Oil exposure was also linked to an impaired stress response, with visible abnormalities in affected dolphins’ brains. As Schwacke explained, the stress hormone cortisol plays a role in a variety of essential life processes, from combatting disease to maintaining a pregnancy.

The combined harms from oil exposure led to dramatically lower reproductive success rates in the years following the disaster. Female dolphins living in the footprint of the spill gave birth to living calves only 19 percent of the time, compared to 65 percent in unaffected areas. Several mothers were observed pushing the carcasses of stillborn calves, a behavior that is likely an expression of grief

“These studies show that the long-term impacts from oil spills can last much longer than anyone expected,” said Dr. Ingrid Biedron, a whale biologist at Oceana. “When there’s a spill the size of the Deepwater Horizon spill, nobody knows how that’s going to affect the ecosystem long-term.”

A license to spill

Signs suggest that the Trump administration is considering expanding offshore oil drilling, a move that would have potentially disastrous effects for dolphins and other marine wildlife.

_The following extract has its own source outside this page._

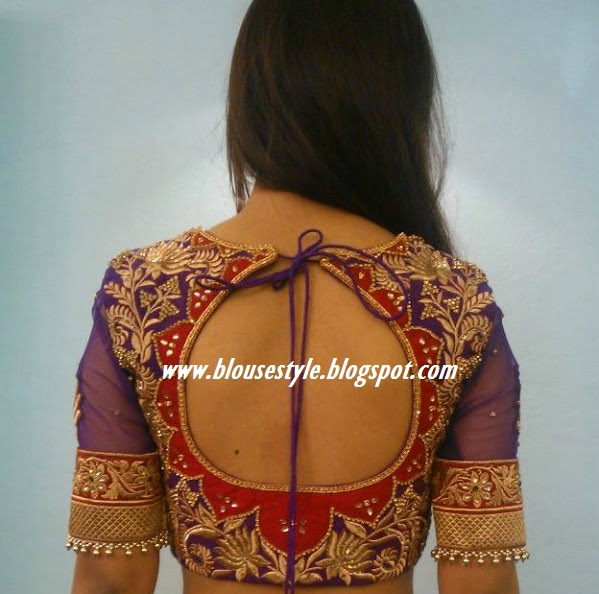 KNOT TYPE BACK BLOUSE
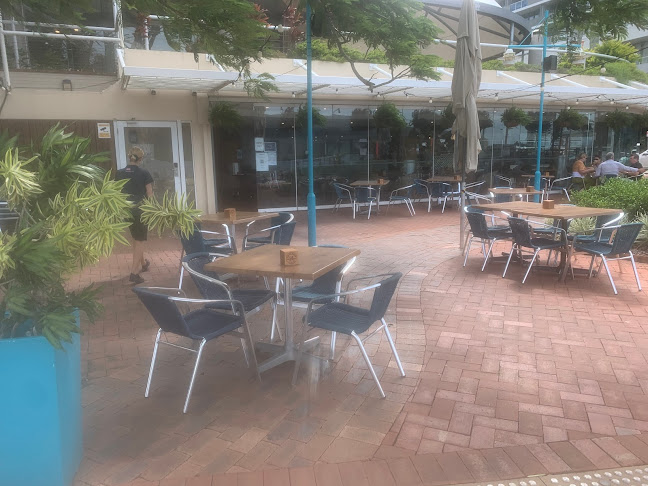 Opinii despre Mondo on the Waterfront în Cairns City - Hospitality and gastronomy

Last year, a leaked email from Thomas Pyle, the head of Trump’s energy transition team, indicated that one of the likely pillars of Trump’s energy policy would involve increasing oil and gas leasing on federal lands — including in the Chukchi and Beaufort seas in the Arctic, and along the mid and south Atlantic coast. In 2016, the Obama administration removed these regions from the government’s five-year oil and gas leasing program. It is unclear whether and how quickly Trump could reverse these restrictions.

Claire Douglass, Oceana’s campaign director for climate and energy, said that the new studies in Endangered Species Research add to a wealth of evidence against offshore drilling. “These studies support what we already know, that offshore drilling is extremely costly, and we still don’t understand its impact on the environment,” she said. “It’s not worth the risk since we have proven technology, like offshore wind, that we already know is safe.”